===== DATA SECTION =====
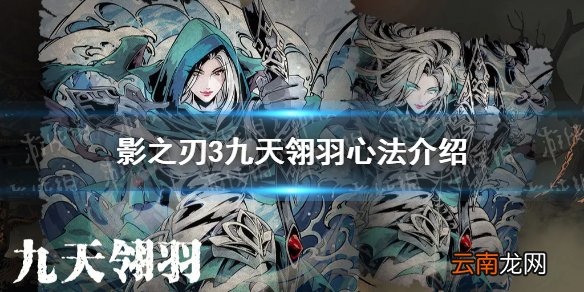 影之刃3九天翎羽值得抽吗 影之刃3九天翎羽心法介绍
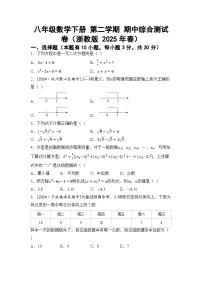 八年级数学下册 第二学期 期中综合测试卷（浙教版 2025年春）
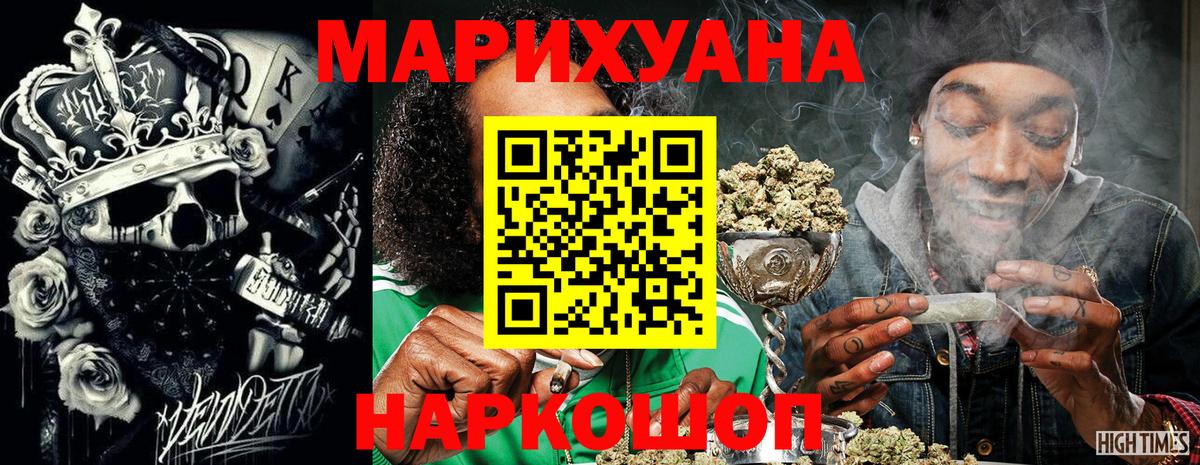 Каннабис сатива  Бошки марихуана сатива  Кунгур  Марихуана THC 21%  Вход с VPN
=====
===== DATA SECTION =====
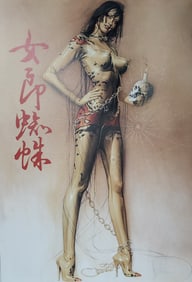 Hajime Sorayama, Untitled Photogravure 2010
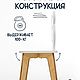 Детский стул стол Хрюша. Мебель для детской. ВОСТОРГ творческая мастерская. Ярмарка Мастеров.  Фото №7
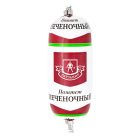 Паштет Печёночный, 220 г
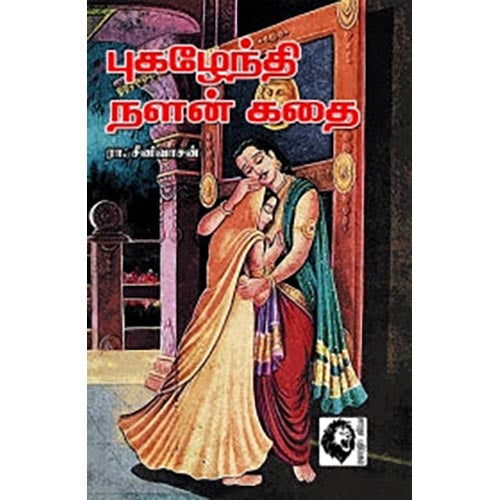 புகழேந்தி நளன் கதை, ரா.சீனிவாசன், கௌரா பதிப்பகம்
=====
▸ **REQUIREMENT**
Using the records above, return verbatim only the part that opens with the line containing "影之刃3九天翎羽值得抽吗 影之刃3九天翎羽心法介绍" and closes with the line containing "Бошки марихуана сатива"; pictures stay out.

▸ **TASK RESPONSE**
 影之刃3九天翎羽值得抽吗 影之刃3九天翎羽心法介绍
 八年级数学下册 第二学期 期中综合测试卷（浙教版 2025年春）
 Каннабис сатива  Бошки марихуана сатива  Кунгур  Марихуана THC 21%  Вход с VPN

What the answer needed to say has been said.